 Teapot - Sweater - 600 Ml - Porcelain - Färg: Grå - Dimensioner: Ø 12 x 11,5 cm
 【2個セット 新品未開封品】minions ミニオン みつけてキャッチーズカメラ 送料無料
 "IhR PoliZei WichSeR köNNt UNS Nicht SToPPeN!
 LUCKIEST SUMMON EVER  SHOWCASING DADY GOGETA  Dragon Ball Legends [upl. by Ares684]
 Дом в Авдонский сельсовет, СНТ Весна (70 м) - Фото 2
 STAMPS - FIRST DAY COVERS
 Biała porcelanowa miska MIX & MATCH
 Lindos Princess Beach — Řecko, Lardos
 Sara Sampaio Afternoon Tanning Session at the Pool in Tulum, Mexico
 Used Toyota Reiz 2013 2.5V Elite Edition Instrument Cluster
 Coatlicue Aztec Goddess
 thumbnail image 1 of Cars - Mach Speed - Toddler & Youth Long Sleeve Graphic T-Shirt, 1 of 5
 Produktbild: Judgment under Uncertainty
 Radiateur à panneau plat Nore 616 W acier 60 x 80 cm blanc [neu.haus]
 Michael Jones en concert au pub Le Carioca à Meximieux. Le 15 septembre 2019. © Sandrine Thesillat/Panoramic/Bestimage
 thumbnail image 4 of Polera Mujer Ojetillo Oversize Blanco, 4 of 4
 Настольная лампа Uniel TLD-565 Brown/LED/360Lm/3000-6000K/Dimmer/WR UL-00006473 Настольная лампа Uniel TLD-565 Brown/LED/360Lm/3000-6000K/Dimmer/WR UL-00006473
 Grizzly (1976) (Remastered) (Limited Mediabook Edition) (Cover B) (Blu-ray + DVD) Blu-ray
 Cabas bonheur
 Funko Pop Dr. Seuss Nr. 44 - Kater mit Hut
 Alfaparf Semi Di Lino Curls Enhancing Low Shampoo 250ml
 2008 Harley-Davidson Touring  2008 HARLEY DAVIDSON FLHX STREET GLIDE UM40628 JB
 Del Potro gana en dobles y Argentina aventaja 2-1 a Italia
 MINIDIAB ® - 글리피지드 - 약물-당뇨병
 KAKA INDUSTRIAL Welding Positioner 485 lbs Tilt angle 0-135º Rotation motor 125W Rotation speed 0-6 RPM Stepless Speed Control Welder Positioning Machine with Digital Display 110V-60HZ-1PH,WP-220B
■ ■ ■ ■ ■ ■ ■
An exact reproduction of all the records is required.

- [SOLVED EXERCISE]:
 Teapot - Sweater - 600 Ml - Porcelain - Färg: Grå - Dimensioner: Ø 12 x 11,5 cm
 【2個セット 新品未開封品】minions ミニオン みつけてキャッチーズカメラ 送料無料
 "IhR PoliZei WichSeR köNNt UNS Nicht SToPPeN!
 LUCKIEST SUMMON EVER  SHOWCASING DADY GOGETA  Dragon Ball Legends [upl. by Ares684]
 Дом в Авдонский сельсовет, СНТ Весна (70 м) - Фото 2
 STAMPS - FIRST DAY COVERS
 Biała porcelanowa miska MIX & MATCH
 Lindos Princess Beach — Řecko, Lardos
 Sara Sampaio Afternoon Tanning Session at the Pool in Tulum, Mexico
 Used Toyota Reiz 2013 2.5V Elite Edition Instrument Cluster
 Coatlicue Aztec Goddess
 thumbnail image 1 of Cars - Mach Speed - Toddler & Youth Long Sleeve Graphic T-Shirt, 1 of 5
 Produktbild: Judgment under Uncertainty
 Radiateur à panneau plat Nore 616 W acier 60 x 80 cm blanc [neu.haus]
 Michael Jones en concert au pub Le Carioca à Meximieux. Le 15 septembre 2019. © Sandrine Thesillat/Panoramic/Bestimage
 thumbnail image 4 of Polera Mujer Ojetillo Oversize Blanco, 4 of 4
 Настольная лампа Uniel TLD-565 Brown/LED/360Lm/3000-6000K/Dimmer/WR UL-00006473 Настольная лампа Uniel TLD-565 Brown/LED/360Lm/3000-6000K/Dimmer/WR UL-00006473
 Grizzly (1976) (Remastered) (Limited Mediabook Edition) (Cover B) (Blu-ray + DVD) Blu-ray
 Cabas bonheur
 Funko Pop Dr. Seuss Nr. 44 - Kater mit Hut
 Alfaparf Semi Di Lino Curls Enhancing Low Shampoo 250ml
 2008 Harley-Davidson Touring  2008 HARLEY DAVIDSON FLHX STREET GLIDE UM40628 JB
 Del Potro gana en dobles y Argentina aventaja 2-1 a Italia
 MINIDIAB ® - 글리피지드 - 약물-당뇨병
 KAKA INDUSTRIAL Welding Positioner 485 lbs Tilt angle 0-135º Rotation motor 125W Rotation speed 0-6 RPM Stepless Speed Control Welder Positioning Machine with Digital Display 110V-60HZ-1PH,WP-220B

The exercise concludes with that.